As we celebrate the history of pizza, the AUSCERT team also took a moment to reflect on its own proud history. AUSCERT was founded in 1993, and next month will celebrate its thirtieth birthday. To mark the occasion, we released a blog entitled "AUSCERT: a proud history and bright future" which takes a deeper dive into AUSCERT’s history and outlines plans for the future.

This blog truly is the essence of the whole AUSCERT team, summarising the combined efforts in producing our strategy for 2023. Late last year the team took a few moments away from analysing vulnerabilities, taking down phishing sites, delivering training and running a conference and instead attended two offsite workshops, one focused on “what is the culture of AUSCERT?”, and another on “what projects can we undertake to better serve our members?”. Combined with feedback from some of our members, our plans for 2023 are now underway. Next week we’ll share details of that, and don’t worry if you haven’t had a chance to give us feedback yourself – we’ve got plans to do that, too!
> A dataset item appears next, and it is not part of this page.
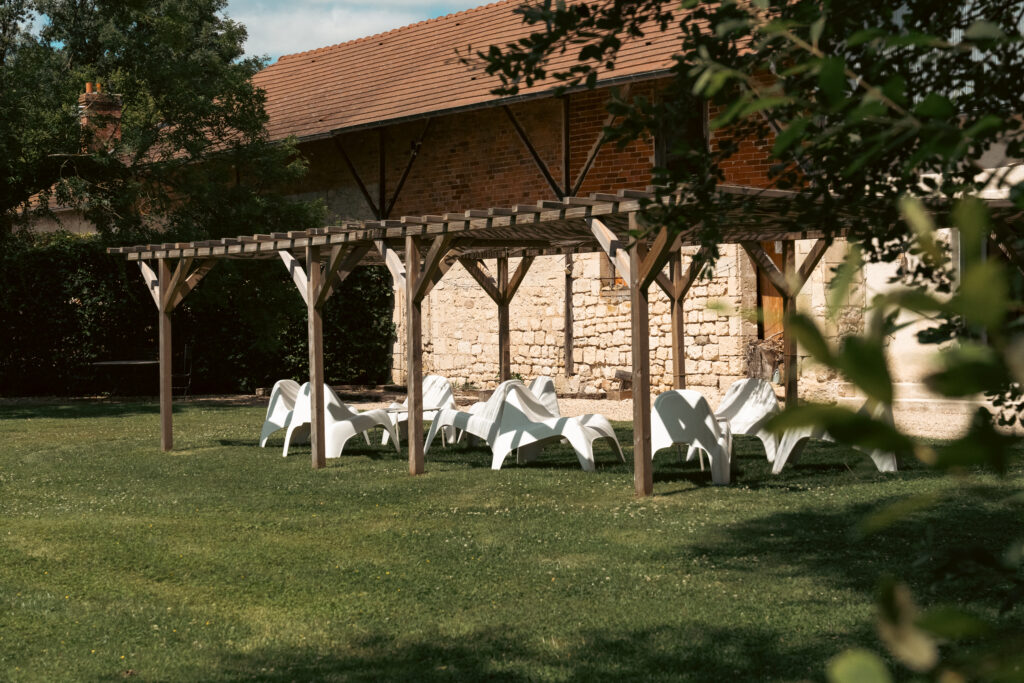 Une jolie photo avant mariage à la Ferme de la Biza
Speaking of plans, very soon the AUSCERT2023 Cyber Security Conference registrations will be opened, so keep an eye on our announcements. Meanwhile here’s this week’s interesting news articles in case you missed them:


New Wave of Ransomware Attacks Exploiting VMware Bug to Target ESXi Servers
Date: 2023-02-04
Author: The Hacker News

VMware ESXi hypervisors are the target of a new wave of attacks designed to deploy ransomware on compromised systems.
"These attack campaigns appear to exploit CVE-2021-21974, for which a patch has been available since February 23, 2021," the Computer Emergency Response Team (CERT) of France said in an advisory on Friday.
VMware, in its own alert released at the time, described the issue as an OpenSLP heap-overflow vulnerability that could lead to the execution of arbitrary code.

MITRE Releases Tool to Design Cyber-Resilient Systems
Date: 2023-02-03
Author: Dark Reading

Cyberattacks are on the rise and enterprise defenders are protecting an increasingly expanding and complex attack surface. For many organizations, the focus is shifting away from prevention to resilience — to maintain essential business functions during an attack and recover quickly without losing too much downtime. Toward that end, MITRE has released the Cyber Resiliency Engineering Framework (CREF) Navigator, a free visualization tool for engineers designing cyber-resilient systems.

OpenSSH Releases Patch for New Pre-Auth Double Free Vulnerability
Date: 2023-02-06
Author: None

The maintainers of OpenSSH have released OpenSSH 9.2 to address a number of security bugs, including a memory safety vulnerability in the OpenSSH server (sshd).
Tracked as CVE-2023-25136, the shortcoming has been classified as a pre-authentication double free vulnerability that was introduced in version 9.1.
"This is not believed to be exploitable, and it occurs in the unprivileged pre-auth process that is subject to chroot(2) and is further sandboxed on most major platforms," OpenSSH disclosed in its release notes on February 2, 2023.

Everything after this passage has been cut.